(Short descriptive text snippets)
╭──

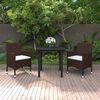 vidaXL 3-tlg. Garten-Essgruppe mit Auflagen Poly Rattan und Glas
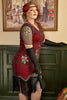 Load image into Gallery viewer, Black Golden Sequins Gatsby Fringed Plus Size 1920s Dress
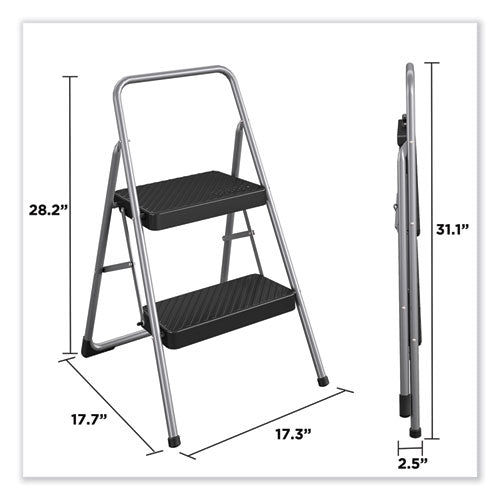 2-step Folding Steel Step Stool, 200 Lb Capacity, 28.13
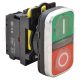 Tracon Kettős BE-KI nyomógomb, I-O, zöld+piros 1×NO+1×NC, 5A/230V AC-15, IP65
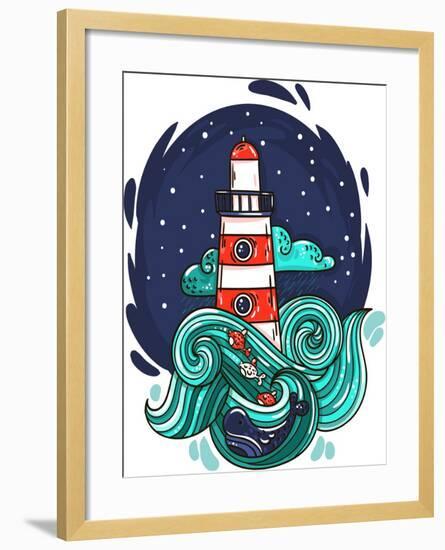 Vector Illustration Lighthouse in Storm Night Stars Space Waves Cloud-evasabrekova-Framed Art Print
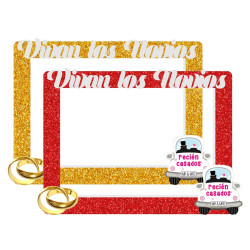 Photocall de boda con purpurina (120 x 90 cm.)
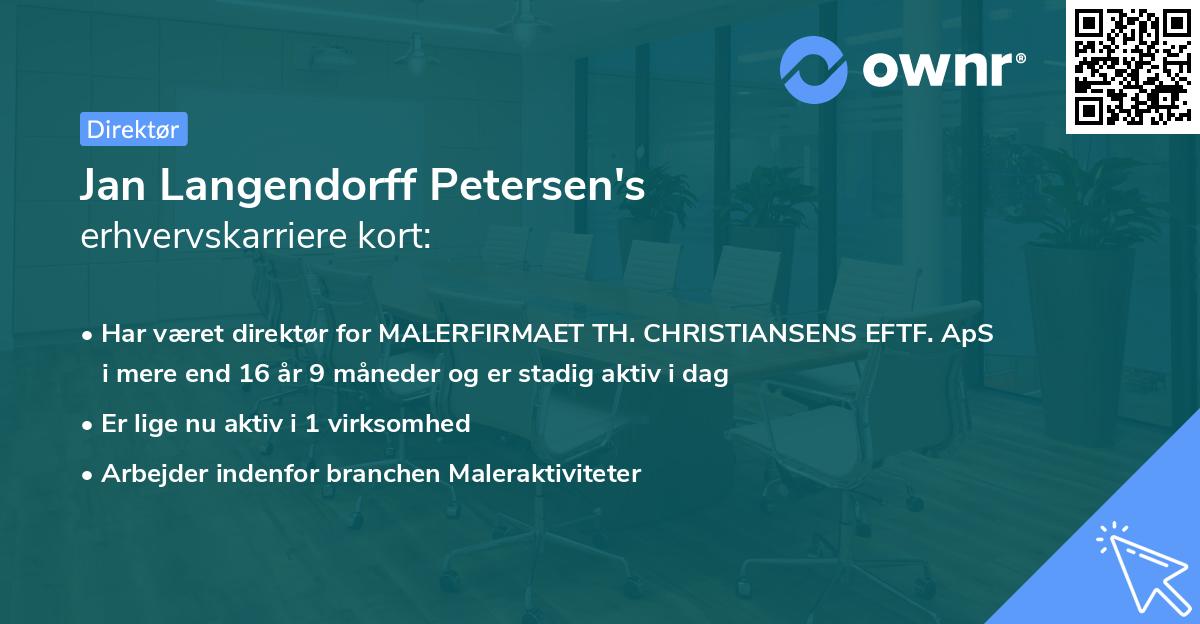 Jan Langendorff Petersen's erhvervskarriere kort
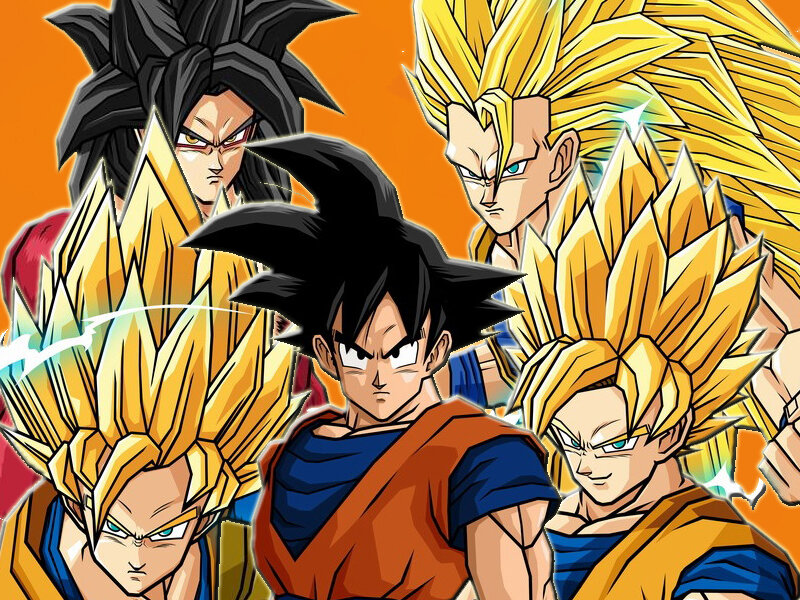 Goku in Multiple Forms — Orange, Dramatic, Anime, Super Saiyan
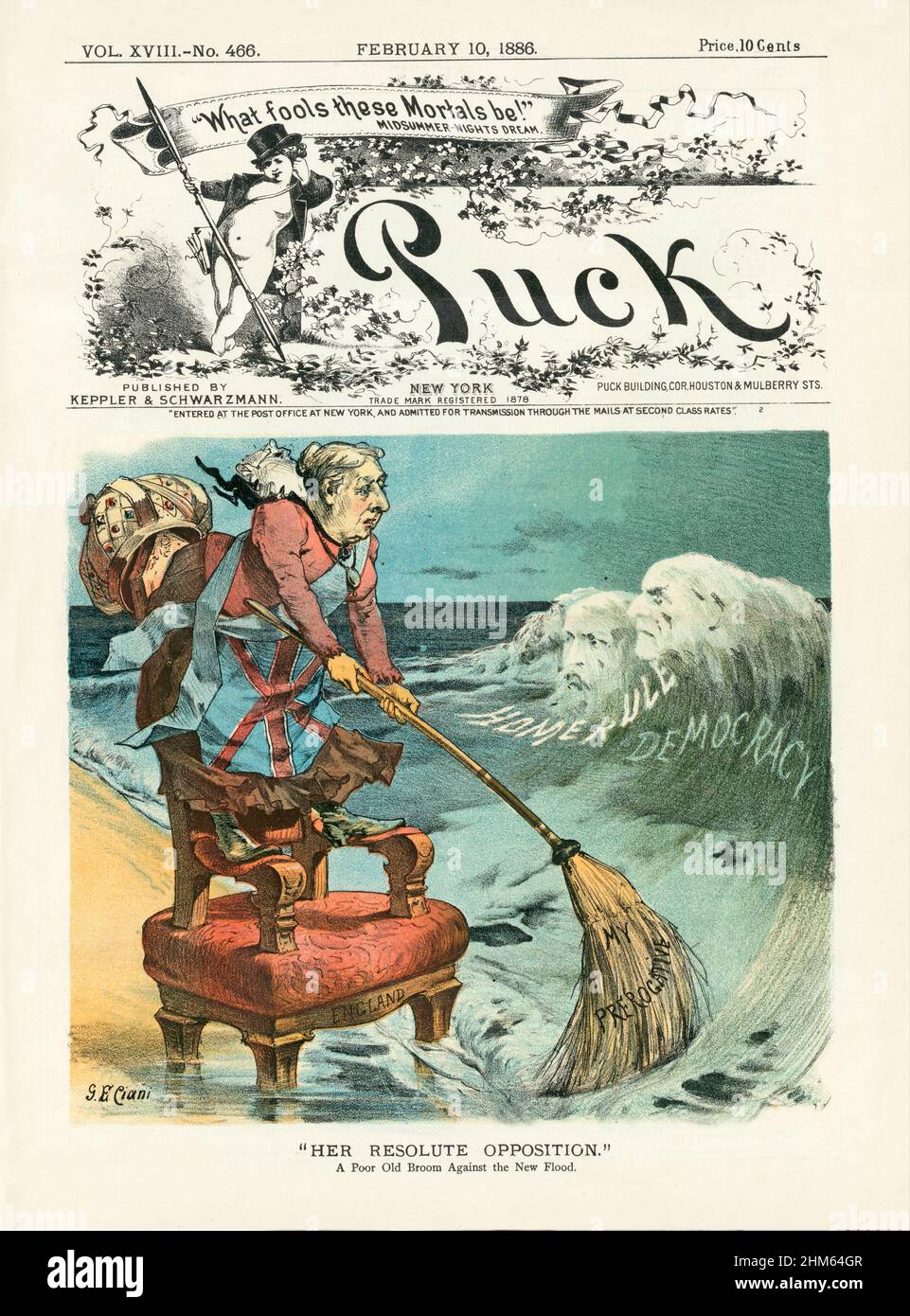 Ein Cover des American Puck Magazine aus dem späten 19th. Jahrhundert mit einer Karikatur von Königin Victoria, die auf ihrem Thron mit der Bezeichnung „England“ am Meeresufer steht. Sie hält einen Besen mit der Aufschrift „Mein Vorrecht“ und fegt gegen Meereswellen mit der Aufschrift „Home Rule“ und „Democracy“, die die Gesichter von Charles S. Parnell, William E. Gladstone und Robert Cecil Salisbury zeigen. Stockfoto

╰──

● Exercise: Leaving out each picture, repeat exactly the lines above from the one that contains "Photocall de boda" through the one that contains "Goku in Multiple".

● Problem solution:
 Photocall de boda con purpurina (120 x 90 cm.)
 Jan Langendorff Petersen's erhvervskarriere kort
 Goku in Multiple Forms — Orange, Dramatic, Anime, Super Saiyan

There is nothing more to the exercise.